Short web captions
○ ○ ○
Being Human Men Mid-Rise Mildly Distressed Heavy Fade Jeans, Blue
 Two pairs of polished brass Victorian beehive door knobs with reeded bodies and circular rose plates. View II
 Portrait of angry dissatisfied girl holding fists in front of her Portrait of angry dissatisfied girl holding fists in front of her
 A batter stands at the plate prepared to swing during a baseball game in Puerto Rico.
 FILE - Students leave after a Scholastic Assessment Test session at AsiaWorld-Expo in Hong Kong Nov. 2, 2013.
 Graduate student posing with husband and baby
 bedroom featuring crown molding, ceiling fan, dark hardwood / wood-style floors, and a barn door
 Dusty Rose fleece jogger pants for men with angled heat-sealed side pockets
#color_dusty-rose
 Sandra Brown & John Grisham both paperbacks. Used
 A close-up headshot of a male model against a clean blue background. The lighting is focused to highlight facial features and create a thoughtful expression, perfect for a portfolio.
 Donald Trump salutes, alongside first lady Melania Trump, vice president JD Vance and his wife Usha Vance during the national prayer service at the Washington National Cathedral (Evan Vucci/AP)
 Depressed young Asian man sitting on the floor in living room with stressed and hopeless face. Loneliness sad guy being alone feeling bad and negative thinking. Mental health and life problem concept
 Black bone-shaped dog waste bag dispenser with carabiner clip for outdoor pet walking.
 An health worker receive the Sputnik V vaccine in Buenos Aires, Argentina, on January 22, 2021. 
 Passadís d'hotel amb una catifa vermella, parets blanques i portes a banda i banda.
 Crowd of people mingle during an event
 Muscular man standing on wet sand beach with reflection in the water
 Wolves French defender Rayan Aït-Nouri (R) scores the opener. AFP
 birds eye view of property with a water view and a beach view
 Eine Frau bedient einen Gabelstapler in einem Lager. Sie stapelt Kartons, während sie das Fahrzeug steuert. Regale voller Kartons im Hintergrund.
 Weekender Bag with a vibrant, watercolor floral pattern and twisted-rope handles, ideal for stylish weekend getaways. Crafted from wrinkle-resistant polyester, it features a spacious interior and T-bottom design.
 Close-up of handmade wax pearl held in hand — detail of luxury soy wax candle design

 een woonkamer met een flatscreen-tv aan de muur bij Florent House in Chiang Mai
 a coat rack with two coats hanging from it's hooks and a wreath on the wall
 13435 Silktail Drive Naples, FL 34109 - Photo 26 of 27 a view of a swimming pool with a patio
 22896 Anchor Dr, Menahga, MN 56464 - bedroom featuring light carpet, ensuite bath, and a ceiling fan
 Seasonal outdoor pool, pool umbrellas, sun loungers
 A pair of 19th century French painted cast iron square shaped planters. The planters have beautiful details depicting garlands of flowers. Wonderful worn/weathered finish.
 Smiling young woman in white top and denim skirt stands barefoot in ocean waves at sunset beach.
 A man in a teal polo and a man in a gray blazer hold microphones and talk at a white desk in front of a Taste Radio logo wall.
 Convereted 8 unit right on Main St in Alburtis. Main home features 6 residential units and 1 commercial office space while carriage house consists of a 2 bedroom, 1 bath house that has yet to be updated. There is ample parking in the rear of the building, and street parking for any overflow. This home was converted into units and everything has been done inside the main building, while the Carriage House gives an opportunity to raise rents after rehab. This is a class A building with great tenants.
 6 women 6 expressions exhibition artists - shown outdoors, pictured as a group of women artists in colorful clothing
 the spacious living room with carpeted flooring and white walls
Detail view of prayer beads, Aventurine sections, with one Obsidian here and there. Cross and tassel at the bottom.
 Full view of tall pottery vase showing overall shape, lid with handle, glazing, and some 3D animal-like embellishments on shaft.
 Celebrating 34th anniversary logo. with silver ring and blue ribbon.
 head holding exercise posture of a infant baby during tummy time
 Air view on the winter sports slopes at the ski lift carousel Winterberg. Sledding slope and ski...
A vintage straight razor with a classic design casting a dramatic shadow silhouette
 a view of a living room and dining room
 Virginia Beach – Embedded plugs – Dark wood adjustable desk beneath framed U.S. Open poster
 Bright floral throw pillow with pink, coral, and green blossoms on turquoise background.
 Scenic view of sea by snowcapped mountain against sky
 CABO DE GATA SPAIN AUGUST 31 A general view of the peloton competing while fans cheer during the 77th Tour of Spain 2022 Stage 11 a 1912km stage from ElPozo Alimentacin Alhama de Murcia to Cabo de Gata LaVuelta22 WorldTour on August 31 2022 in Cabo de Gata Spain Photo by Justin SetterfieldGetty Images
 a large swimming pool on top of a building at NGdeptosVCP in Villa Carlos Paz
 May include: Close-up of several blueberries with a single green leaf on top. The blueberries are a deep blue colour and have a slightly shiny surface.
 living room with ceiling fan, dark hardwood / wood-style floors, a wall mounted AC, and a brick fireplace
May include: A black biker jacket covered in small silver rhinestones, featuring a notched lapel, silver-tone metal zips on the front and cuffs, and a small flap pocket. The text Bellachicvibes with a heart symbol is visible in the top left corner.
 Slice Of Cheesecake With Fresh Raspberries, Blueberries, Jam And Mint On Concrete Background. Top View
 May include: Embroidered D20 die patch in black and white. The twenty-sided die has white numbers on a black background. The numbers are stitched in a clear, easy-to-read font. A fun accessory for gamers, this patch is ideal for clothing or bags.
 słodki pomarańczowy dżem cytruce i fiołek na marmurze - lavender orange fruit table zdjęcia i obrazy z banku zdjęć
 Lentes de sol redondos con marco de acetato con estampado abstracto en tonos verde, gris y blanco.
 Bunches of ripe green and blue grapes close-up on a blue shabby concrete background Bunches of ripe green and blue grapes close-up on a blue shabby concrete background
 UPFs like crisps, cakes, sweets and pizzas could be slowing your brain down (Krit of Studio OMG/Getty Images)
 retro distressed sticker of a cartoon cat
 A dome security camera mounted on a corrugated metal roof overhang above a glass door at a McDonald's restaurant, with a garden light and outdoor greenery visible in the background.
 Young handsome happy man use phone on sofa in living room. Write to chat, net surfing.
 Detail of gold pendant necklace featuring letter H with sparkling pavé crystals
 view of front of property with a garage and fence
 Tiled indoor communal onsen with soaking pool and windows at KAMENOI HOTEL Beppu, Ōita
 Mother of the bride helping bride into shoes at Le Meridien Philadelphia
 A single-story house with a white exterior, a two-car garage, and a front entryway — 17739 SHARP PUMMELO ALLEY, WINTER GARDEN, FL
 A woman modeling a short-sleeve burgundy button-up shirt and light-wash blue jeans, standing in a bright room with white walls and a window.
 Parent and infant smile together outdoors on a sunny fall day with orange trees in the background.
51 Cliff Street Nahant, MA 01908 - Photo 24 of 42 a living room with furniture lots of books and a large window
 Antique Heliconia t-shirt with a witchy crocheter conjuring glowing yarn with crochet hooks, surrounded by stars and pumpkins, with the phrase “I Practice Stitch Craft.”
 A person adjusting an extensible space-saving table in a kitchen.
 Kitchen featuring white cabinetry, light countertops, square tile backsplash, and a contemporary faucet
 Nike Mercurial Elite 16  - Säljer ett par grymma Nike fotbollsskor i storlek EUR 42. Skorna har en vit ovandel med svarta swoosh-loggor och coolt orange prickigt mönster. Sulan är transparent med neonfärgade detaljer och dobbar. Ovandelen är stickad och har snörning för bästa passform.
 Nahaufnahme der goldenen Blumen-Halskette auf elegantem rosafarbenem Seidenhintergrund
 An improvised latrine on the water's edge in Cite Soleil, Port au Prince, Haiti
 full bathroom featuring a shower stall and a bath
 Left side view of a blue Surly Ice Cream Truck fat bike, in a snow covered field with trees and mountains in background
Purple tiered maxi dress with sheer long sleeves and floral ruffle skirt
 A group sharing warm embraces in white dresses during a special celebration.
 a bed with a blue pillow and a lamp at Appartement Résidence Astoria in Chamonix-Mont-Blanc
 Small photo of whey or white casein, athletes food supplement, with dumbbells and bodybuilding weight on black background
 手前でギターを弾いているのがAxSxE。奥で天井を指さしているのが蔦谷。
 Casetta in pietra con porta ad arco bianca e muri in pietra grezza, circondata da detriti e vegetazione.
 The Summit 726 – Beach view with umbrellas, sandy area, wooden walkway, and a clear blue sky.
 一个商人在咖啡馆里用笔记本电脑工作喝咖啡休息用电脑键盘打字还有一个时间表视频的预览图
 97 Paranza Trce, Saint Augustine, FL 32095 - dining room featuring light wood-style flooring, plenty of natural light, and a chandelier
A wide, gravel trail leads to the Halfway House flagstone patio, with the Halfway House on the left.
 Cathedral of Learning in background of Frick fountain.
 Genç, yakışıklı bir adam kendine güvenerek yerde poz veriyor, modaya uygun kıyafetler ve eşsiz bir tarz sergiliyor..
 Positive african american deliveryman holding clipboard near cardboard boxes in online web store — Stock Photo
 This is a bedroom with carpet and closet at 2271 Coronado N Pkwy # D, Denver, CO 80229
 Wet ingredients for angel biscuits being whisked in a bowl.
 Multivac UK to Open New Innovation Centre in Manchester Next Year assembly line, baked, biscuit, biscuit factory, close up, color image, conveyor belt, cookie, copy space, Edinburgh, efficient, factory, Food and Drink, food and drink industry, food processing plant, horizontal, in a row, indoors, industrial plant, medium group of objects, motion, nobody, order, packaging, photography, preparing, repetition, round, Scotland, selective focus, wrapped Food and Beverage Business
○ ○ ○
# Exercise requirements
Quote in full each line from the top of the records above through the line with "FILE - Students"; stop after that line.

# Solution below
Being Human Men Mid-Rise Mildly Distressed Heavy Fade Jeans, Blue
 Two pairs of polished brass Victorian beehive door knobs with reeded bodies and circular rose plates. View II
 Portrait of angry dissatisfied girl holding fists in front of her Portrait of angry dissatisfied girl holding fists in front of her
 A batter stands at the plate prepared to swing during a baseball game in Puerto Rico.
 FILE - Students leave after a Scholastic Assessment Test session at AsiaWorld-Expo in Hong Kong Nov. 2, 2013.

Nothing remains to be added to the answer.